A Poesia por ser a “essencialidade da escrita” [i] , pressupõe uma economia de palavras rebuscadas, por exigir uma síntese filosófica dessa essencialidade. Ao mesmo tempo, exige um ritmo melódico no uso de uma certa simbologia de imagens textuais (ou gestuais) e às vezes de ênfase irónica na expressão prosódica própria (ortoépica) que pode ser “amarga ou doce” ao “saborearmos” o som dessas palavras. Mas o ritmo é essencial. Daí um pretenso poema será isso mesmo (pretenso) pela ausência do domínio técnico da língua e linguagem em que se escreve e se comunica oralmente. Acrescentando a essa falta de ritmo “poético”, surge a ausência de domínio dessa “essencialidade da escrita” (inspiração e síntese), podendo ser tudo menos poesia. Até pode ser panfleto político, publicitário ou pornográfico (bom ou mau graficamente), mas poesia não será, seguramente.

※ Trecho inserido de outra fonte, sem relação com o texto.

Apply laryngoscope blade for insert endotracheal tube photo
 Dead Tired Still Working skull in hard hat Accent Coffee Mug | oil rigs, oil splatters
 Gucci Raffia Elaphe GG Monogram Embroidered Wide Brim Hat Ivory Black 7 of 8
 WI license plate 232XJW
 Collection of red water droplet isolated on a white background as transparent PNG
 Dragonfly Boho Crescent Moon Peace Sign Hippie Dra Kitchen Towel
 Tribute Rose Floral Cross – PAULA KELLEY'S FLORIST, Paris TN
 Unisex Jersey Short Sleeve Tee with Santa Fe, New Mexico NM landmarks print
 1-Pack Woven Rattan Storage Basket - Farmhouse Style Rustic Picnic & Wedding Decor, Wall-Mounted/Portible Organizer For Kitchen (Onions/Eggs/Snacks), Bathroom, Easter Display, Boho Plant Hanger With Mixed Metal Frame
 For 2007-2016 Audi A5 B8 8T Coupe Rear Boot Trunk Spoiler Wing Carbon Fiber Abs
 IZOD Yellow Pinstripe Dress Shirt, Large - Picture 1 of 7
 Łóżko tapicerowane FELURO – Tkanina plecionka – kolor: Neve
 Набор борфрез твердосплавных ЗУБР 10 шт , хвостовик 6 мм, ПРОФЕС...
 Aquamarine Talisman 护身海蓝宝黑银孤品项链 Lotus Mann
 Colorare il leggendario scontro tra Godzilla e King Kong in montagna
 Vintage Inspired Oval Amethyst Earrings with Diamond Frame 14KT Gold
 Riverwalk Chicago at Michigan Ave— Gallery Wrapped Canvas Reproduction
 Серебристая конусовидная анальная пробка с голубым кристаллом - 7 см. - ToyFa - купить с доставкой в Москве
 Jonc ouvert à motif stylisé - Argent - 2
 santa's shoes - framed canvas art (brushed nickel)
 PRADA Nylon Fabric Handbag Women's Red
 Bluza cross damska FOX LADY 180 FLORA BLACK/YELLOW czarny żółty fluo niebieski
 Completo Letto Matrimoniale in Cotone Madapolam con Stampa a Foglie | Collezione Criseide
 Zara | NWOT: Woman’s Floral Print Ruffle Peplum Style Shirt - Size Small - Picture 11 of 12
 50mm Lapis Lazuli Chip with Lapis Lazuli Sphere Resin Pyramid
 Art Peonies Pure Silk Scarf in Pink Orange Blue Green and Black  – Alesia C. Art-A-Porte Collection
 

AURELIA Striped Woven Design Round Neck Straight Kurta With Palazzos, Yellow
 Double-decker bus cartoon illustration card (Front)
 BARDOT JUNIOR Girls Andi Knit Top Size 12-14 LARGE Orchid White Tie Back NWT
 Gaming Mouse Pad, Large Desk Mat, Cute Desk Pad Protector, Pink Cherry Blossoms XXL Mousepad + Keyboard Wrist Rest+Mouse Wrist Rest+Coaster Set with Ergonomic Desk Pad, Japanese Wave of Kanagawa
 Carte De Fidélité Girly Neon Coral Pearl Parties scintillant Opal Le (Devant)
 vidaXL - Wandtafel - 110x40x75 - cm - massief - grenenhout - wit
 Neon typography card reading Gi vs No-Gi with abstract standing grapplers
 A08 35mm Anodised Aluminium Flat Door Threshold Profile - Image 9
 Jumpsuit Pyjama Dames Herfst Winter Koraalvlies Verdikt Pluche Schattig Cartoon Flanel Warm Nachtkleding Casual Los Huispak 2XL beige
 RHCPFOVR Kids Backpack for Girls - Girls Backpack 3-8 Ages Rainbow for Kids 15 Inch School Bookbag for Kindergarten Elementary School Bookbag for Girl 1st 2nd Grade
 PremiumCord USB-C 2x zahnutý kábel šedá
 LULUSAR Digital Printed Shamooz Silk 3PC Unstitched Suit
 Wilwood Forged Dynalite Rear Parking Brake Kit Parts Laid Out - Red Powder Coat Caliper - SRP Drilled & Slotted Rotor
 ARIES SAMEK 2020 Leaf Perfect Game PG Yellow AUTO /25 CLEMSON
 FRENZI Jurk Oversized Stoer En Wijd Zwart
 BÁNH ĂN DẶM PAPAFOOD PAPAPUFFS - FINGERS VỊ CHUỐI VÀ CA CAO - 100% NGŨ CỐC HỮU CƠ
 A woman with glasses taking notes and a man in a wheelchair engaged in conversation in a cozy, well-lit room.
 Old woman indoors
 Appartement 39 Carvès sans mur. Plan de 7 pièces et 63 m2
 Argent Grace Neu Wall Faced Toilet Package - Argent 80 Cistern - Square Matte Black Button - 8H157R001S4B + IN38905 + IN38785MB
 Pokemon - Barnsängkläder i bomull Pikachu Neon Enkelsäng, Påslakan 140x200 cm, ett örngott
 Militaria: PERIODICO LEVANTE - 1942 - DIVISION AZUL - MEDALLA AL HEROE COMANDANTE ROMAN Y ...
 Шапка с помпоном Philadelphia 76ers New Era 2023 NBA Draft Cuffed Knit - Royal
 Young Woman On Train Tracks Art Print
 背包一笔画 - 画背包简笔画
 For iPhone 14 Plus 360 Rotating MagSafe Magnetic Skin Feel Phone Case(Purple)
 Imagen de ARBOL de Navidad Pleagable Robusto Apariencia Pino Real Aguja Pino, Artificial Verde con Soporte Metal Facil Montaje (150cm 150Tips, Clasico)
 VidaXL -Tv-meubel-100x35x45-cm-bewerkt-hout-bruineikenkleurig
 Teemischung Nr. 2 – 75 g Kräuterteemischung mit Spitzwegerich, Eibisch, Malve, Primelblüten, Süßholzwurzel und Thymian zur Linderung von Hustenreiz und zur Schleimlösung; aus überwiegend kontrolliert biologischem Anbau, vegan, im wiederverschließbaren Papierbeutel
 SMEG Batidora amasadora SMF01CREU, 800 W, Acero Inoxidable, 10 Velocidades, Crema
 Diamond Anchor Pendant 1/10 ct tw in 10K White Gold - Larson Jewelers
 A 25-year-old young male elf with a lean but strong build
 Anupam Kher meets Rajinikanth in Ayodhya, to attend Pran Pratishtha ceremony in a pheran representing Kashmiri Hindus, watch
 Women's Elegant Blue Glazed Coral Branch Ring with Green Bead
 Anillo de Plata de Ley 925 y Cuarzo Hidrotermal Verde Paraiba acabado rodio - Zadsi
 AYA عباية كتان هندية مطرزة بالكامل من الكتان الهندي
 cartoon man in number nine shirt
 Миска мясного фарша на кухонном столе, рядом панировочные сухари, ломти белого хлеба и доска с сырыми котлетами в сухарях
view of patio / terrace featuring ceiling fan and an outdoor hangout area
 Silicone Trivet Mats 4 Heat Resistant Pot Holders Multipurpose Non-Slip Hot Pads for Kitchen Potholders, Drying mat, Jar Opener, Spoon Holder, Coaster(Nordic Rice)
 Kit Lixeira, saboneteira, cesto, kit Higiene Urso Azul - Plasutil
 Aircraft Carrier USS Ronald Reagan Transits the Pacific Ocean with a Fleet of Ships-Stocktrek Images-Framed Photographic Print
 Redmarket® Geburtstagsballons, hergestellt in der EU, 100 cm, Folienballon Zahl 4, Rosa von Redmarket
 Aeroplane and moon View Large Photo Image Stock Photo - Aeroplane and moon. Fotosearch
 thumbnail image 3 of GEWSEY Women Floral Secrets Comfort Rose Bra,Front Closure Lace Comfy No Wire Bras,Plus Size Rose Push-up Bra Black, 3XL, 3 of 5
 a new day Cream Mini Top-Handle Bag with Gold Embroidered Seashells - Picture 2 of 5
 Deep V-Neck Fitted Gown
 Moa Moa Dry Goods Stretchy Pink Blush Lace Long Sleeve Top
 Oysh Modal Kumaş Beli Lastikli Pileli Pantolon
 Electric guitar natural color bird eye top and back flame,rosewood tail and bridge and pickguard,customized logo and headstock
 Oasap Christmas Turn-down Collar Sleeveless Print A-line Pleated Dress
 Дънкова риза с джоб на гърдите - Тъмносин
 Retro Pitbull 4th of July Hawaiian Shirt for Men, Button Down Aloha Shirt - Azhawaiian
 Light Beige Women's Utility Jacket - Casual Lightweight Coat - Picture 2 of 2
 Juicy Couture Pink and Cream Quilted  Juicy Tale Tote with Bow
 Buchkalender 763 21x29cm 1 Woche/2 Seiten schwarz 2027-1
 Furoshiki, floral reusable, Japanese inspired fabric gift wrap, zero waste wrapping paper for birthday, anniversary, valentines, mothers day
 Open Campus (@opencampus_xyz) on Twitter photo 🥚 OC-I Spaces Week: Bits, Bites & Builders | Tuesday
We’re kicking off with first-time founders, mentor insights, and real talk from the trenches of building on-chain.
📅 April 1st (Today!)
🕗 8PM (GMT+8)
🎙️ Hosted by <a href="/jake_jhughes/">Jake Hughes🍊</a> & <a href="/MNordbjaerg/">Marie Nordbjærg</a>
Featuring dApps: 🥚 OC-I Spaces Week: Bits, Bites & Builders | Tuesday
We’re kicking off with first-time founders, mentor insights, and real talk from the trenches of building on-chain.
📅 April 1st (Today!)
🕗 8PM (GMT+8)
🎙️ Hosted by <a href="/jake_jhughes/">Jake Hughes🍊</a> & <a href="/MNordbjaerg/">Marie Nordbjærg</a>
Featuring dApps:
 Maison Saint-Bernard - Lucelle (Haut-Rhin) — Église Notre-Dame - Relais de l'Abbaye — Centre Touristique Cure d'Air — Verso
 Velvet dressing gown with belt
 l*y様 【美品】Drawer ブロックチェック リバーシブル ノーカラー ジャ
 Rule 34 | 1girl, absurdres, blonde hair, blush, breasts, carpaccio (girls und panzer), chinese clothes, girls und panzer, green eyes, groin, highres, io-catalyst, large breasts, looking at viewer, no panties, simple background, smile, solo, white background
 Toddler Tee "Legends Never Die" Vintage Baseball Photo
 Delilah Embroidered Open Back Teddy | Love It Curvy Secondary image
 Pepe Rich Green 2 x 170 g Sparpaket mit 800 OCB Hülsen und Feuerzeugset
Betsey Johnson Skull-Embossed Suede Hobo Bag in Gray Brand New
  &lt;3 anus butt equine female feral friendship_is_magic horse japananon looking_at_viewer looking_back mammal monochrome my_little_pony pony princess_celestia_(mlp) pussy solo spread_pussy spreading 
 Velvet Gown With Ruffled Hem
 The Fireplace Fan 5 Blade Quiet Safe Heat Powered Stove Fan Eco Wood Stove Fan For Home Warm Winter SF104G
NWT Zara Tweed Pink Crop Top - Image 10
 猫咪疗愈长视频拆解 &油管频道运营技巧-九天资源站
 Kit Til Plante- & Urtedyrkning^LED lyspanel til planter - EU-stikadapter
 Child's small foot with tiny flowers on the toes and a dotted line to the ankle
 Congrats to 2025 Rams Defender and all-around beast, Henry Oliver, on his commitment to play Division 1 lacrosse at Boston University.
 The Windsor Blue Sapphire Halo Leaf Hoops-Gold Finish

Da mesma forma é o que acontece com o desenho e a pintura, em que se “massacram” as mais elementares técnicas de artes plásticas com o epíteto de arte.

Na vida e na natureza há uma exigência de especialização através de uma poíesis [ii] ou praxis [iii] permanente. O amadorismo não progride, não vive. Sobrevive e mal. Sucumbe. Não se trata propriamente de um critério pessoal, mas de avaliação consubstanciada na observação das regras próprias da qualidade, do vigor da energia contagiante das ideias numa base construtiva e saudável. Ainda que, com os seus perigos de “contágio” em casos “mal intencionados”, de desvios, do exercício do Poder de vária índole. Uma forma de manipulação através da difusão massificada para audiências “cegadas”, ofuscadas pela globalização via satélite, por meios de novas tecnologias, da “auto-estrada da informação”, ao alcance de um click –, sejam na rádio, televisão, telefone móvel (Celular), Internet, et cetera. Mas isso seria entrar em análise de outros âmbitos apesar de inseridos sempre na temática da manipulação do pensamento humano –, na política e na publicidade comercial (vendas), através de técnicas de persuasão. O (in) vulgar “brainwashing” (lavagem cerebral), das guerras psicológicas, após modelo saído de uma “brainstorming” (reunião de vários especialistas para um único objectivo). E aí a Poesia livre, será sempre Poesia – a Poíesis dos antigos filósofos gregos e a dos anciãos africanos da antiguidade clássica baNto, a que culturalmente, a maioria dos Moçambicanos pertencem na sua raiz ancestral.

(João Craveirinha)

Exemplos de escrita em prosa poética: europeia e africana (baNto)

Portugal

O rapaz dos desejos

Conheci um anjo-rapaz que desejava intensamente a sua diaba-vizinha. Não sei o que aconteceu. Hoje vive no prédio uma rapariga-vampiro.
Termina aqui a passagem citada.